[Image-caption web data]
-*-

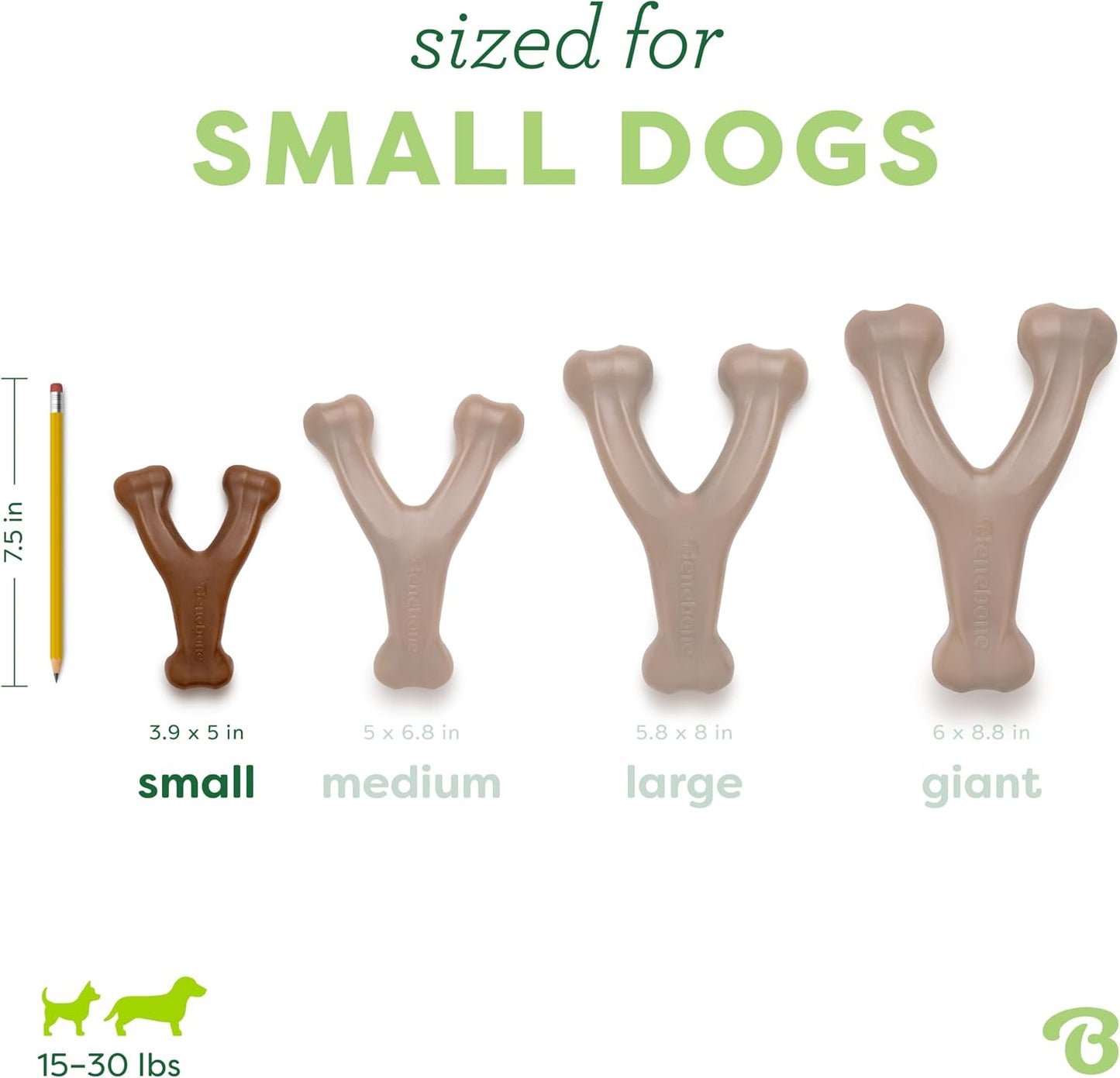 Benebone Wishbone Durable Dog Chew Toy for Aggressive Chewers, Real Bacon, Made in USA, Medium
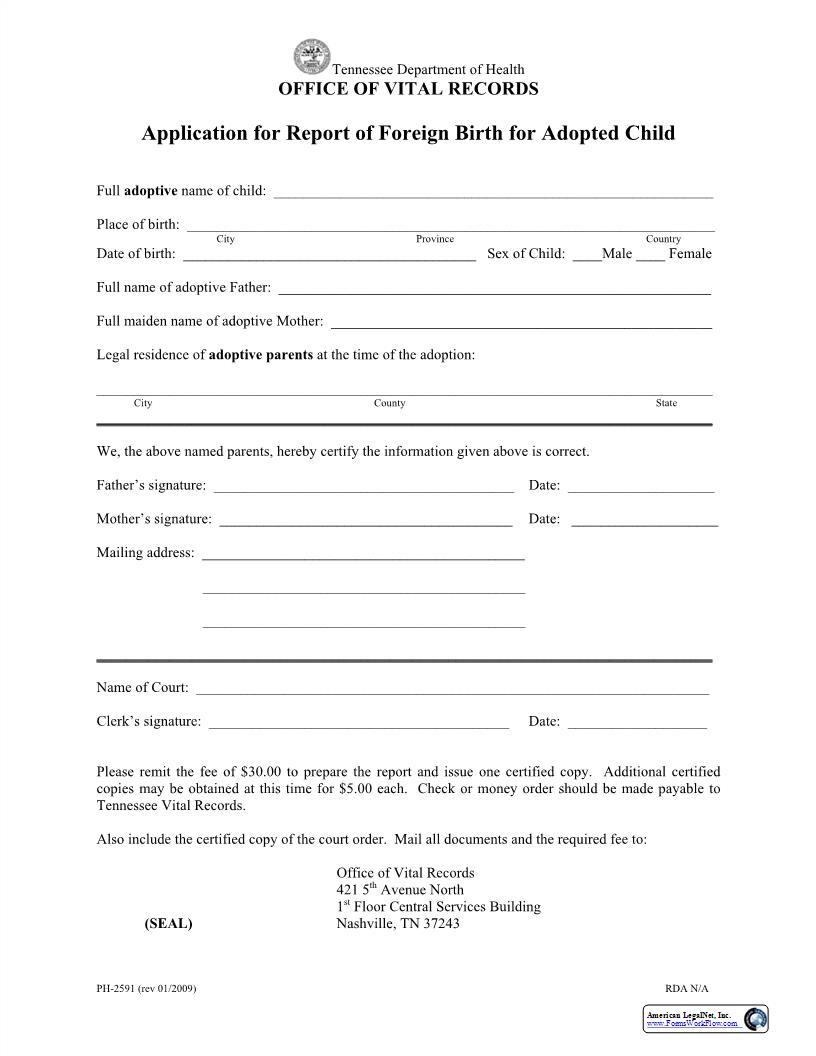 Application For Report Of Foreign Birth Of Adopted Child | Pdf Fpdf Docx | Tennessee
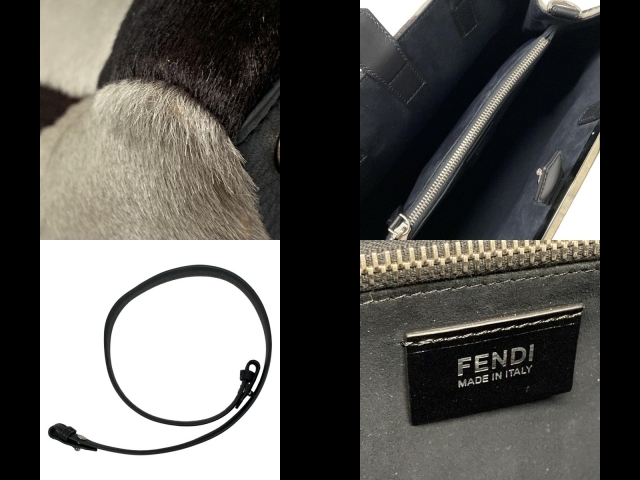フェンディ FENDI ハンドバッグ 8BH250 トゥージュール レザー グレー×ダークブラウン×黒 バッグ_画像8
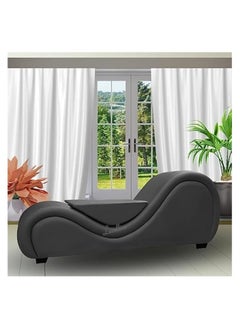 Poppins Home S-Shape Love Sofa Modern Loveseats Yoga Chaise lounge With Center cushion (Black)  - Image 1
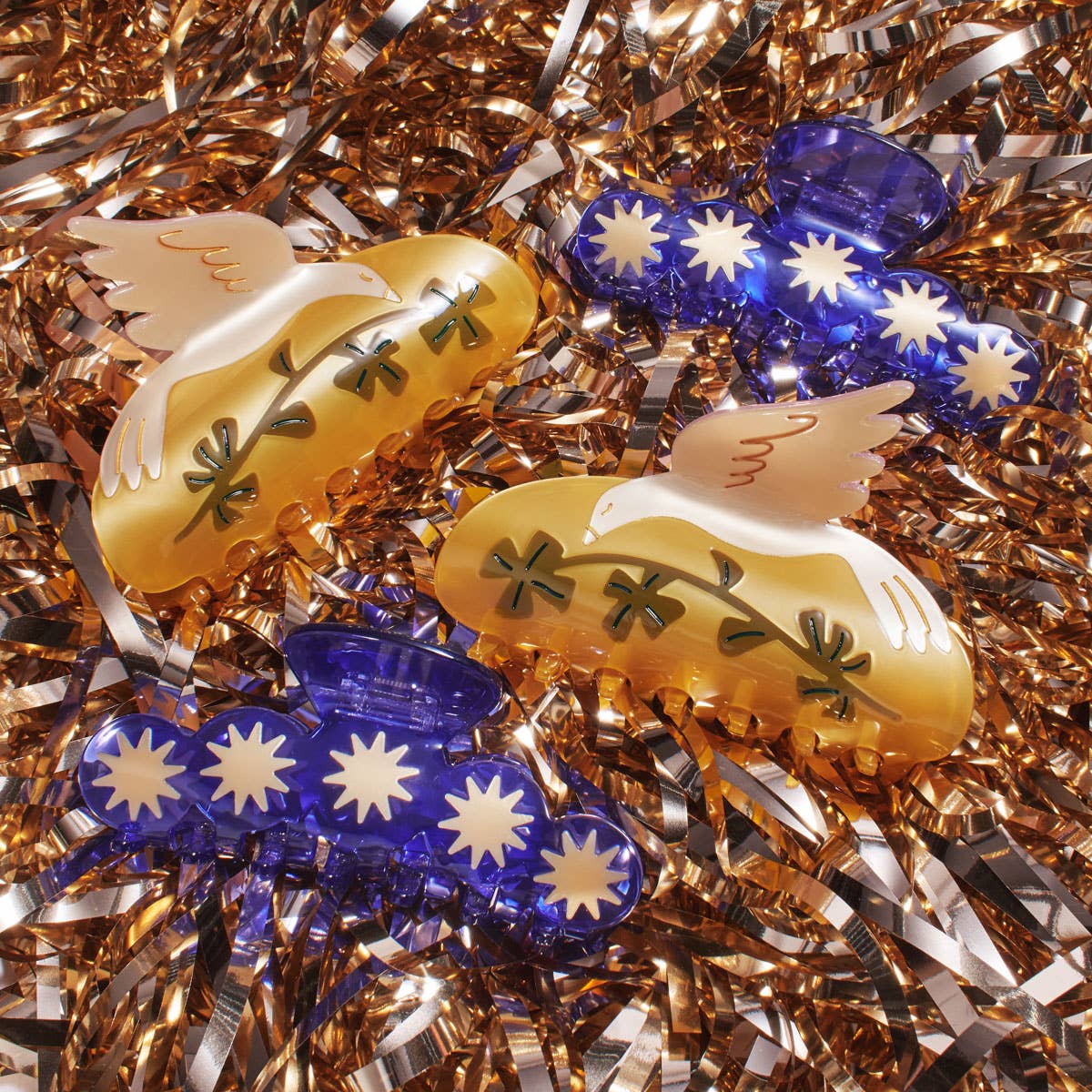 WINONA IRENE - Vente Pince à cheveux – femme - Pince à cheveux en acétate White Dove and Lucky Four Leaf Clover XL6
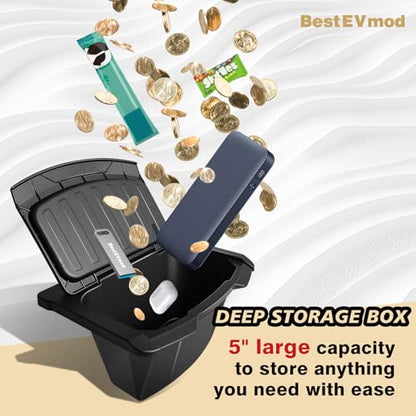 BestEvMod Rear Center Console Organizer for 2026 2025 Tesla Model Y Juniper | Trash Can with Lid Cover Rear Bin Backseat Storage Box Anti-Slip - size: 1 PCS - Console Organizer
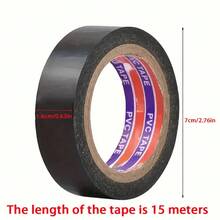 1/2pcs 15m Electrical Insulation Tape, Flame Retardant, High Temperature Resistant, Premium Waterproof Black Electrical Tape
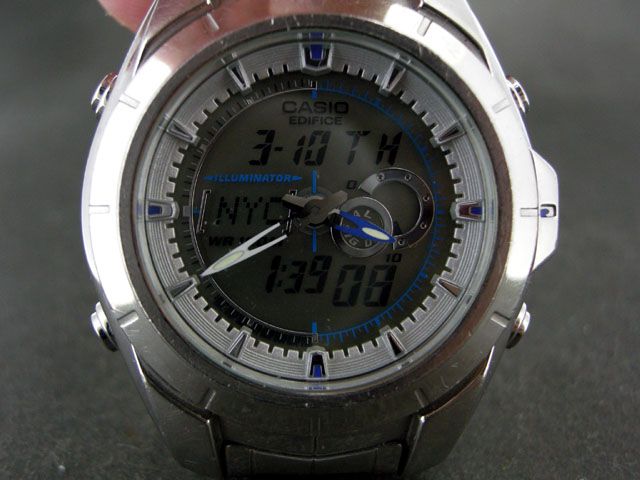 CASIO EDIFICE THERMOMETER DUAL CHRONO AUTO LIGHT100M ALARM QUARTZ MEN 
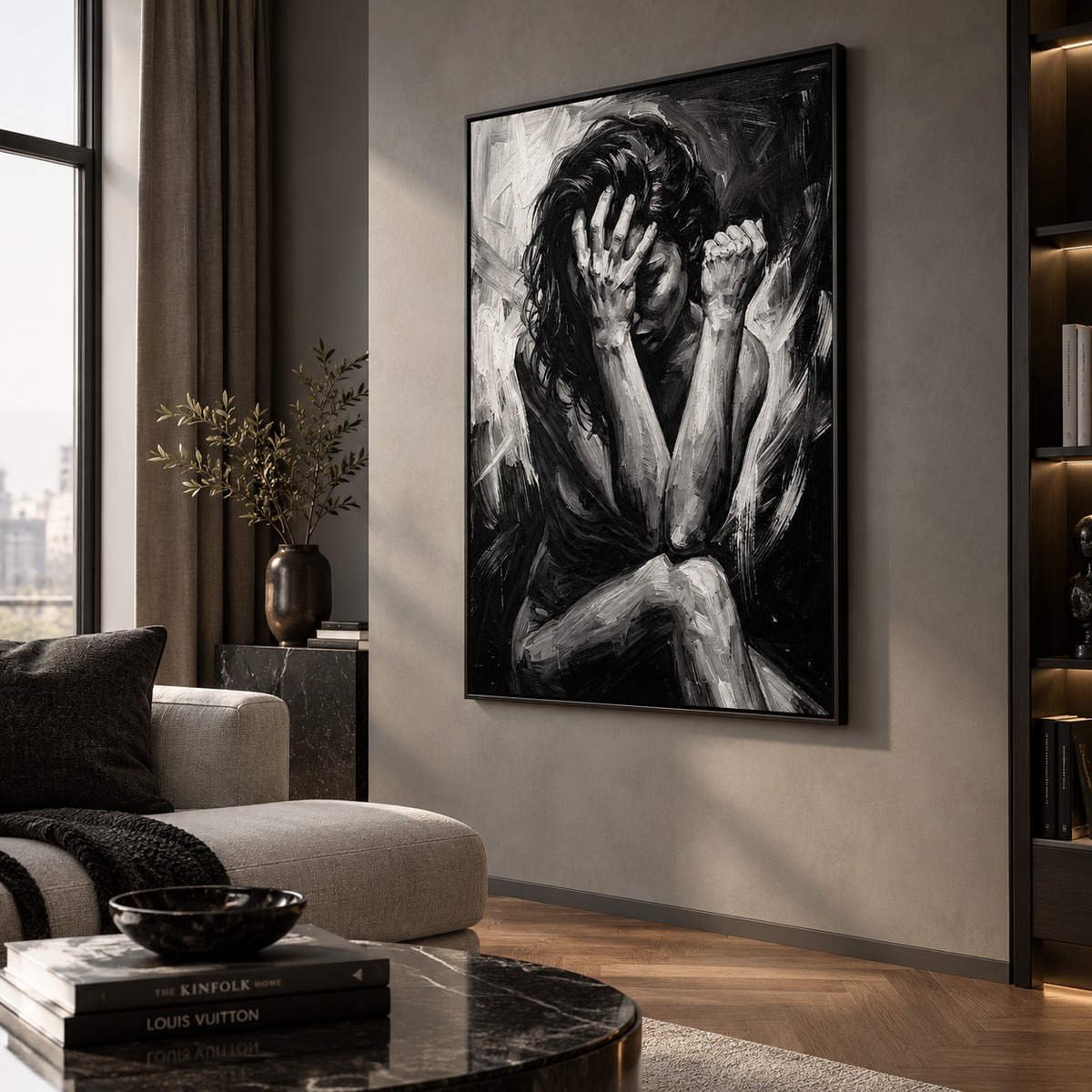 Anguish figure art poster framed in a modern loft setting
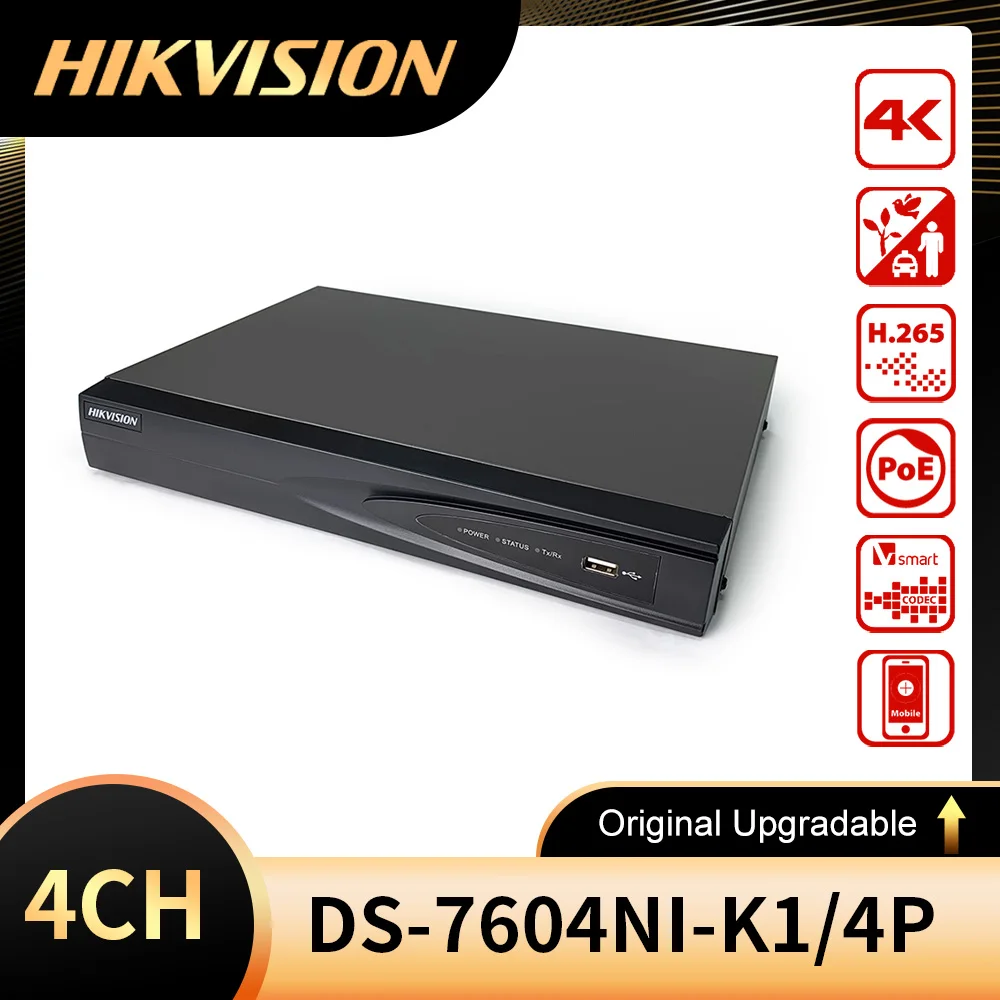 

Original Hikvision DS-7604NI-K1/4P DS-7608NI-K1/8P 4/8CH 1U 4/8PoE 4K NVR H.265+ Plug and Play Network Video Recorder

-*-

DIRECTIONS FOR THIS TASK:
Line by line, retype the records above exactly, minus the images.

RESPONSE TO THE EXERCISE:
 Benebone Wishbone Durable Dog Chew Toy for Aggressive Chewers, Real Bacon, Made in USA, Medium
 Application For Report Of Foreign Birth Of Adopted Child | Pdf Fpdf Docx | Tennessee
フェンディ FENDI ハンドバッグ 8BH250 トゥージュール レザー グレー×ダークブラウン×黒 バッグ_画像8
 Poppins Home S-Shape Love Sofa Modern Loveseats Yoga Chaise lounge With Center cushion (Black)  - Image 1
 WINONA IRENE - Vente Pince à cheveux – femme - Pince à cheveux en acétate White Dove and Lucky Four Leaf Clover XL6
 BestEvMod Rear Center Console Organizer for 2026 2025 Tesla Model Y Juniper | Trash Can with Lid Cover Rear Bin Backseat Storage Box Anti-Slip - size: 1 PCS - Console Organizer
 1/2pcs 15m Electrical Insulation Tape, Flame Retardant, High Temperature Resistant, Premium Waterproof Black Electrical Tape
 CASIO EDIFICE THERMOMETER DUAL CHRONO AUTO LIGHT100M ALARM QUARTZ MEN 
 Anguish figure art poster framed in a modern loft setting

Original Hikvision DS-7604NI-K1/4P DS-7608NI-K1/8P 4/8CH 1U 4/8PoE 4K NVR H.265+ Plug and Play Network Video Recorder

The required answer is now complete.